While elaborating on the facts, the Bench then discloses in para 5 that, “In a case under Section 7, 13(1)(d) and 13(2) of the Prevention of Corruption Act, 1988, three accused namely K.K.Jalia, Alimuddin and Irfan were arrested on 29.12.2014. The said K. K. Jalia, who was the Chairman of the Municipal Corporation, was alleged to have taken a bribe of Rs.5 Lakhs; Alimuddin, who was a Police Constable, was alleged to have taken a bribe of Rs.10 Lakhs; and Irfan, was a nonofficial also alleged to be involved in the case. On 08.01.2015, the predecessor of the appellant dismissed the bail of K. K. Jalia and the bail of Alimuddin was also dismissed on 03.02.2015. The Investigation Officer had sent a letter to the concerned department seeking sanction of prosecution against the said two accused, K. K. Jalia and Alimuddin on 18.02.2015. Charge sheet was filed against all the three accused on 23.02.2015. It was at this stage, on 25.02.2015, that the appellant was appointed as Sessions Judge, Anti-Corruption Department.”

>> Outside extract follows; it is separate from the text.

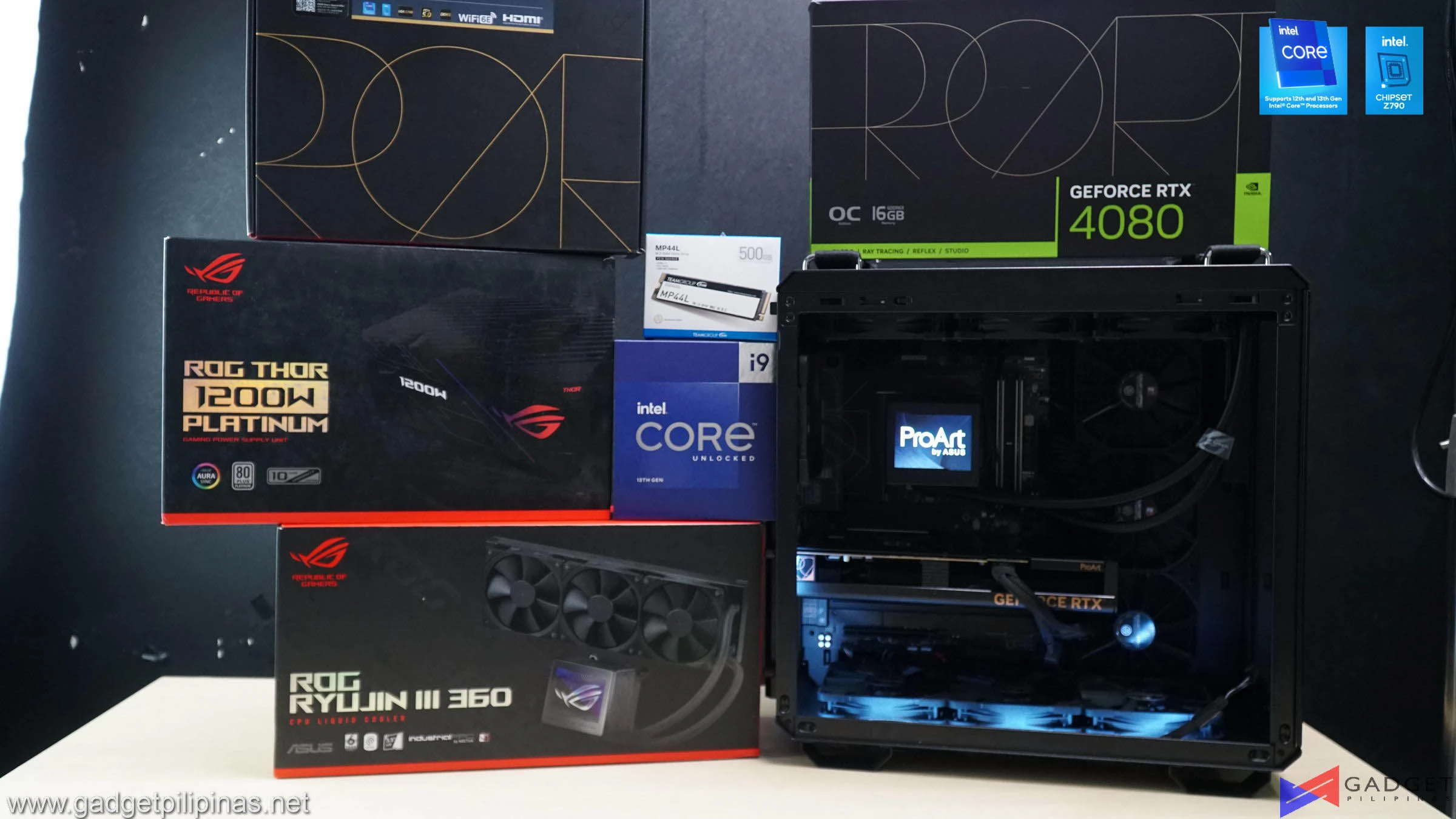 Php 200kProArt PC Build Guide 2023 Philippines 2
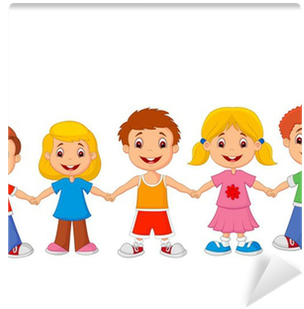 Barn Som Håller I Handen (400x400), Png Download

Furthermore, the Bench then added in para 6 that, “Then on 04.03.2015, the second bail application of the accused Alimuddin was rejected by the appellant. The bail application of K. K. Jalia was rejected by the Rajasthan High Court on 11.03.2015. On 17.03.2015, the second bail application was filed by K. K. Jalia before the appellant. It is noteworthy that the Rajasthan High Court granted bail to the co-accused Irfan (who was a private person) on 16.04.2015, and then on 27.04.2015, bail was also granted to Alimuddin by the Rajasthan High Court.”

Adding more to it, the Bench then observes in para 7 that, “On the second bail application of K. K. Jalia filed on 17.03.2015, the Court fixed 20.03.2015 along with the main file. Then on 18.03.2015, on the main file the case was fixed for 31.03.2015 for filing of sanction of prosecution of K. K. Jalia and till then the judicial custody of remand was extended in the bail matter. On 20.03.2015, the bail matter was adjourned for 31.03.2015. On 31.03.2015, the bail matter was adjourned for 13.04.2015 and in the main file, 13.04.2015 was fixed for filing of prosecution sanction against K. K. Jalia and for arguments on cognizance. On 13.04.2015, on which date the appellant was on leave, the bail matter was again adjourned by the officiating Presiding Officer for 16.04.2015, and on the main file it was noted that no sanction against K. K. Jalia was received and since the appellant was on leave, the case was fixed for 27.04.2015 for filing of sanction of prosecution against K. K. Jalia. On 16.04.2015, a fresh application of bail was filed by the accused K. K. Jalia stating that he was arrested on 27.12.2014 and charge sheet was filed on 23.02.2015, but till date no sanction of prosecution as required under Section 19 of the Prevention of Corruption Act, 1988, had been given, and that the custody of the accused K. K. Jalia was illegal as the accused could not be detained for an indefinite period. On the said date the appellant, in his order, observed that from 23.02.2015 till date i.e. 16.04.2015, there was no document on the file which would indicate that any progress has been made with regard to grant or refusal of sanction, and accordingly, it was directed that such a progress report be filed with regard to the efforts of the Anti-Corruption Department for grant of sanction be submitted on 27.04.2015, and time was also granted to file reply to the bail application by the next date i.e. 27.04.2015. On 17.04.2015, the matter was placed with regard to the attestation of bail of Irfan, who had been granted bail by the Rajasthan High Court on 16.04.2015.”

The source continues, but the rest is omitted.